The research, carried out by analysing case documents such as chargesheets, FIRs and police general diaries related to 198 human trafficking cases, found that out of 429 named offenders only three (or less than 1%) were convicted with punishments ranging between five and seven years of imprisonment. 10 accused were acquitted due to lack of evidence while 68 alleged traffickers were given bail. 

Activists said that the research provides enough evidence to understand why human trafficking continues to grow unabated in the country.

“The low conviction and high acquittal figures found in the research cast doubts in the efficacy of investigations by law-enforcement agencies in human trafficking cases,” said Snigdha Sen, who conducted the analysis.

“The findings reaffirm the belief that traffickers enjoy a high degree of impunity because of the lacklustre investigation, and lack of retribution encourages them to carry on with their crimes that leads to surge in incidents of human trafficking,” she added.

For this analysis, Snigdha collaborated with several organisations such as HELP from Andhra Pradesh, Goranbose Gram Bikash Kendra from West Bengal and Partners for Anti Trafficking(PAT) – a consortium of eight community-based organisations in West Bengal.

The study also found that 31 out of the 429 alleged traffickers appeared to be repeat offenders who were accused in multiple cases of human trafficking, and all their victims were children and adolescents. These 31 had committed 91 (or 19%) of the total crimes analysed for the research.

“The research clearly indicates that currently, traffickers – who are in the business of recruiting girls and young women and selling them off in other states like Maharashtra, Delhi, Telangana or Goa, have little accountability to the system.
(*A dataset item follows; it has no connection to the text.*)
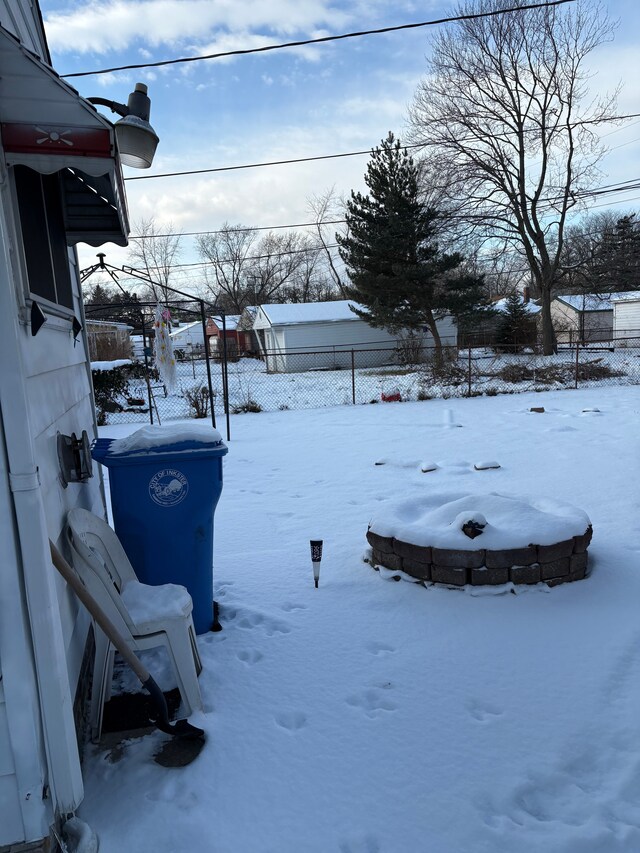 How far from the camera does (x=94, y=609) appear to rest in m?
2.00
As they grow wealthier, they recruit others to join them in spotting, recruiting and trafficking other vulnerable children and adolescents," said co-researcher Roop Sen, a human rights activist who has been working on the issue of human trafficking for over 20 years.

"The reason these investigations are so prolonged and prosecutions are so weak is that over 99% of these cases are investigated by the police of local police stations, who have restricted time and resources for their investigations. They restrict their investigations to the local precincts,” he added.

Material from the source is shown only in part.